### Extracted information
******************************
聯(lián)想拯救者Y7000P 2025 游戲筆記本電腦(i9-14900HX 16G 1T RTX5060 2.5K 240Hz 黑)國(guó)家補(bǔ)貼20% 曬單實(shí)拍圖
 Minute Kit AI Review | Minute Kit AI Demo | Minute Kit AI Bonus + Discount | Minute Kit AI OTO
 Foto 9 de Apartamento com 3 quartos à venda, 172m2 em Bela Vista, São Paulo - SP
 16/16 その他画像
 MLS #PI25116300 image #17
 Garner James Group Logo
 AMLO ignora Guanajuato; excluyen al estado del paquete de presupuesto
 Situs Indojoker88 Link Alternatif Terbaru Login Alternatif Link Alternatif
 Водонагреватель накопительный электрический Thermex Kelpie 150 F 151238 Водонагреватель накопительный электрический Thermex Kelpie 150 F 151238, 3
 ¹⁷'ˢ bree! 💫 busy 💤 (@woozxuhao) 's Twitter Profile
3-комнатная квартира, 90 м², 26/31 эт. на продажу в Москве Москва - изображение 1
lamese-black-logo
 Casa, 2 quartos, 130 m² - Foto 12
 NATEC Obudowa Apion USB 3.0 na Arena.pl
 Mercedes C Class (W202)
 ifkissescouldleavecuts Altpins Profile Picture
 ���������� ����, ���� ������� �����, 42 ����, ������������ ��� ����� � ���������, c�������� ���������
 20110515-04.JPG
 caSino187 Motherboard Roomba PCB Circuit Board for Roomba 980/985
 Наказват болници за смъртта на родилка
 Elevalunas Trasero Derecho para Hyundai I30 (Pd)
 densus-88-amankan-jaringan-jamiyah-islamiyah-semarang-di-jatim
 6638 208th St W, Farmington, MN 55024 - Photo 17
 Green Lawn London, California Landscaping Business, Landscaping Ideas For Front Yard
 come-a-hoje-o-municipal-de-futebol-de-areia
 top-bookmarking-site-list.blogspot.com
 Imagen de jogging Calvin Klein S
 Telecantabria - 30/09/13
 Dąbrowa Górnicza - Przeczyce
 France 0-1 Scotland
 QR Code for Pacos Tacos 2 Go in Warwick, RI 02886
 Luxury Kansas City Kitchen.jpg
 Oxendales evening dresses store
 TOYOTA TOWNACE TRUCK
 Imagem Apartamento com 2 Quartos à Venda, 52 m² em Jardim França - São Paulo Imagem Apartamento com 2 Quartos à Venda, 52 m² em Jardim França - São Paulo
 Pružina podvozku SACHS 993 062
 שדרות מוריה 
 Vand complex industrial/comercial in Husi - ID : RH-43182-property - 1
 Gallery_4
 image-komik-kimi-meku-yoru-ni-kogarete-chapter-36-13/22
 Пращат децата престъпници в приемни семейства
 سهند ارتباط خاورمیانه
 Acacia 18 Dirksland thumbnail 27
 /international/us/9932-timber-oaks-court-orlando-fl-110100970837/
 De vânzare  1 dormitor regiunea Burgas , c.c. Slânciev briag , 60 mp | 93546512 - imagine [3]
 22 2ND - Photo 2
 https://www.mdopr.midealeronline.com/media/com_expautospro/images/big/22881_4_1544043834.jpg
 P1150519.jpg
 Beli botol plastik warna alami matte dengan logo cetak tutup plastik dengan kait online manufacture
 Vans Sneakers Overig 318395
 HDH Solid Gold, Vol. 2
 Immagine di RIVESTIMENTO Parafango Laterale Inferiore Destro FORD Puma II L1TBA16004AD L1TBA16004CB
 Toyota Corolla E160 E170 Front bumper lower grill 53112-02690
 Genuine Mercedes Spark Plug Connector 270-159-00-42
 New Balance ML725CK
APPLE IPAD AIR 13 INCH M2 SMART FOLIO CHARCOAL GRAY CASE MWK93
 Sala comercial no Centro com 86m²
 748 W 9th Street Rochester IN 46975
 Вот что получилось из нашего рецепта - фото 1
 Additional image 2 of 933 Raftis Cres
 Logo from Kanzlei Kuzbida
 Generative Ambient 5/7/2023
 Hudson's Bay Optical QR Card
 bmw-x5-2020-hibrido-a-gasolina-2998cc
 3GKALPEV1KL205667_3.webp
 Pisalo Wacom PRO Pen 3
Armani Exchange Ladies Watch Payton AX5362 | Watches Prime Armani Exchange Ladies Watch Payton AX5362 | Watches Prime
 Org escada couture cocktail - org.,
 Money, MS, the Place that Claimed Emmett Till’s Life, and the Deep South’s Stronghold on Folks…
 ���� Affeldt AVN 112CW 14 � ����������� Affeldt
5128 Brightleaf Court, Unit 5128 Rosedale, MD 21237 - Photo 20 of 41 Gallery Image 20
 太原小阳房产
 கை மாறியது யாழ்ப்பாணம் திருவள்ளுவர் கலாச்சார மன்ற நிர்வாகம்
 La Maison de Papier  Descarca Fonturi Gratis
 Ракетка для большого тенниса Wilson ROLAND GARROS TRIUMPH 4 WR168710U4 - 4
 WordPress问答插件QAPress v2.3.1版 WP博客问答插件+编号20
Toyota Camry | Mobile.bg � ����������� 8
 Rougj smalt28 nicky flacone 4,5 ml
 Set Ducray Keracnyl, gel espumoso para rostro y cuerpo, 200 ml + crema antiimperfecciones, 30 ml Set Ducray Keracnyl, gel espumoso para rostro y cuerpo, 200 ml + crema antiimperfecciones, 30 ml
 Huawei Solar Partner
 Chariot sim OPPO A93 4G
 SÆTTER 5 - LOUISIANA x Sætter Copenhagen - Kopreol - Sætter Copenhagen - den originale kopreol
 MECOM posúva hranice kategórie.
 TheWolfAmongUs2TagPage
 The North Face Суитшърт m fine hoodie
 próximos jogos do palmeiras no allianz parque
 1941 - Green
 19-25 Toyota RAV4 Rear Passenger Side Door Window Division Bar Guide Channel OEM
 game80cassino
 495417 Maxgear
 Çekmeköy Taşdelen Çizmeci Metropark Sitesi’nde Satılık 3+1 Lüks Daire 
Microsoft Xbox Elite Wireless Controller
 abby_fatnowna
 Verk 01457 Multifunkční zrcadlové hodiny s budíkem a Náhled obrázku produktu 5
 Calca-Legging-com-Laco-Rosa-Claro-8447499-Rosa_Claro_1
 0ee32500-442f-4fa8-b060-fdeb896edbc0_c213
******************************
### What this task involves
Every line above should be reproduced precisely.

### Solution for this problem
聯(lián)想拯救者Y7000P 2025 游戲筆記本電腦(i9-14900HX 16G 1T RTX5060 2.5K 240Hz 黑)國(guó)家補(bǔ)貼20% 曬單實(shí)拍圖
 Minute Kit AI Review | Minute Kit AI Demo | Minute Kit AI Bonus + Discount | Minute Kit AI OTO
 Foto 9 de Apartamento com 3 quartos à venda, 172m2 em Bela Vista, São Paulo - SP
 16/16 その他画像
 MLS #PI25116300 image #17
 Garner James Group Logo
 AMLO ignora Guanajuato; excluyen al estado del paquete de presupuesto
 Situs Indojoker88 Link Alternatif Terbaru Login Alternatif Link Alternatif
 Водонагреватель накопительный электрический Thermex Kelpie 150 F 151238 Водонагреватель накопительный электрический Thermex Kelpie 150 F 151238, 3
 ¹⁷'ˢ bree! 💫 busy 💤 (@woozxuhao) 's Twitter Profile
3-комнатная квартира, 90 м², 26/31 эт. на продажу в Москве Москва - изображение 1
lamese-black-logo
 Casa, 2 quartos, 130 m² - Foto 12
 NATEC Obudowa Apion USB 3.0 na Arena.pl
 Mercedes C Class (W202)
 ifkissescouldleavecuts Altpins Profile Picture
 ���������� ����, ���� ������� �����, 42 ����, ������������ ��� ����� � ���������, c�������� ���������
 20110515-04.JPG
 caSino187 Motherboard Roomba PCB Circuit Board for Roomba 980/985
 Наказват болници за смъртта на родилка
 Elevalunas Trasero Derecho para Hyundai I30 (Pd)
 densus-88-amankan-jaringan-jamiyah-islamiyah-semarang-di-jatim
 6638 208th St W, Farmington, MN 55024 - Photo 17
 Green Lawn London, California Landscaping Business, Landscaping Ideas For Front Yard
 come-a-hoje-o-municipal-de-futebol-de-areia
 top-bookmarking-site-list.blogspot.com
 Imagen de jogging Calvin Klein S
 Telecantabria - 30/09/13
 Dąbrowa Górnicza - Przeczyce
 France 0-1 Scotland
 QR Code for Pacos Tacos 2 Go in Warwick, RI 02886
 Luxury Kansas City Kitchen.jpg
 Oxendales evening dresses store
 TOYOTA TOWNACE TRUCK
 Imagem Apartamento com 2 Quartos à Venda, 52 m² em Jardim França - São Paulo Imagem Apartamento com 2 Quartos à Venda, 52 m² em Jardim França - São Paulo
 Pružina podvozku SACHS 993 062
 שדרות מוריה 
 Vand complex industrial/comercial in Husi - ID : RH-43182-property - 1
 Gallery_4
 image-komik-kimi-meku-yoru-ni-kogarete-chapter-36-13/22
 Пращат децата престъпници в приемни семейства
 سهند ارتباط خاورمیانه
 Acacia 18 Dirksland thumbnail 27
 /international/us/9932-timber-oaks-court-orlando-fl-110100970837/
 De vânzare  1 dormitor regiunea Burgas , c.c. Slânciev briag , 60 mp | 93546512 - imagine [3]
 22 2ND - Photo 2
 https://www.mdopr.midealeronline.com/media/com_expautospro/images/big/22881_4_1544043834.jpg
 P1150519.jpg
 Beli botol plastik warna alami matte dengan logo cetak tutup plastik dengan kait online manufacture
 Vans Sneakers Overig 318395
 HDH Solid Gold, Vol. 2
 Immagine di RIVESTIMENTO Parafango Laterale Inferiore Destro FORD Puma II L1TBA16004AD L1TBA16004CB
 Toyota Corolla E160 E170 Front bumper lower grill 53112-02690
 Genuine Mercedes Spark Plug Connector 270-159-00-42
 New Balance ML725CK
APPLE IPAD AIR 13 INCH M2 SMART FOLIO CHARCOAL GRAY CASE MWK93
 Sala comercial no Centro com 86m²
 748 W 9th Street Rochester IN 46975
 Вот что получилось из нашего рецепта - фото 1
 Additional image 2 of 933 Raftis Cres
 Logo from Kanzlei Kuzbida
 Generative Ambient 5/7/2023
 Hudson's Bay Optical QR Card
 bmw-x5-2020-hibrido-a-gasolina-2998cc
 3GKALPEV1KL205667_3.webp
 Pisalo Wacom PRO Pen 3
Armani Exchange Ladies Watch Payton AX5362 | Watches Prime Armani Exchange Ladies Watch Payton AX5362 | Watches Prime
 Org escada couture cocktail - org.,
 Money, MS, the Place that Claimed Emmett Till’s Life, and the Deep South’s Stronghold on Folks…
 ���� Affeldt AVN 112CW 14 � ����������� Affeldt
5128 Brightleaf Court, Unit 5128 Rosedale, MD 21237 - Photo 20 of 41 Gallery Image 20
 太原小阳房产
 கை மாறியது யாழ்ப்பாணம் திருவள்ளுவர் கலாச்சார மன்ற நிர்வாகம்
 La Maison de Papier  Descarca Fonturi Gratis
 Ракетка для большого тенниса Wilson ROLAND GARROS TRIUMPH 4 WR168710U4 - 4
 WordPress问答插件QAPress v2.3.1版 WP博客问答插件+编号20
Toyota Camry | Mobile.bg � ����������� 8
 Rougj smalt28 nicky flacone 4,5 ml
 Set Ducray Keracnyl, gel espumoso para rostro y cuerpo, 200 ml + crema antiimperfecciones, 30 ml Set Ducray Keracnyl, gel espumoso para rostro y cuerpo, 200 ml + crema antiimperfecciones, 30 ml
 Huawei Solar Partner
 Chariot sim OPPO A93 4G
 SÆTTER 5 - LOUISIANA x Sætter Copenhagen - Kopreol - Sætter Copenhagen - den originale kopreol
 MECOM posúva hranice kategórie.
 TheWolfAmongUs2TagPage
 The North Face Суитшърт m fine hoodie
 próximos jogos do palmeiras no allianz parque
 1941 - Green
 19-25 Toyota RAV4 Rear Passenger Side Door Window Division Bar Guide Channel OEM
 game80cassino
 495417 Maxgear
 Çekmeköy Taşdelen Çizmeci Metropark Sitesi’nde Satılık 3+1 Lüks Daire 
Microsoft Xbox Elite Wireless Controller
 abby_fatnowna
 Verk 01457 Multifunkční zrcadlové hodiny s budíkem a Náhled obrázku produktu 5
 Calca-Legging-com-Laco-Rosa-Claro-8447499-Rosa_Claro_1
 0ee32500-442f-4fa8-b060-fdeb896edbc0_c213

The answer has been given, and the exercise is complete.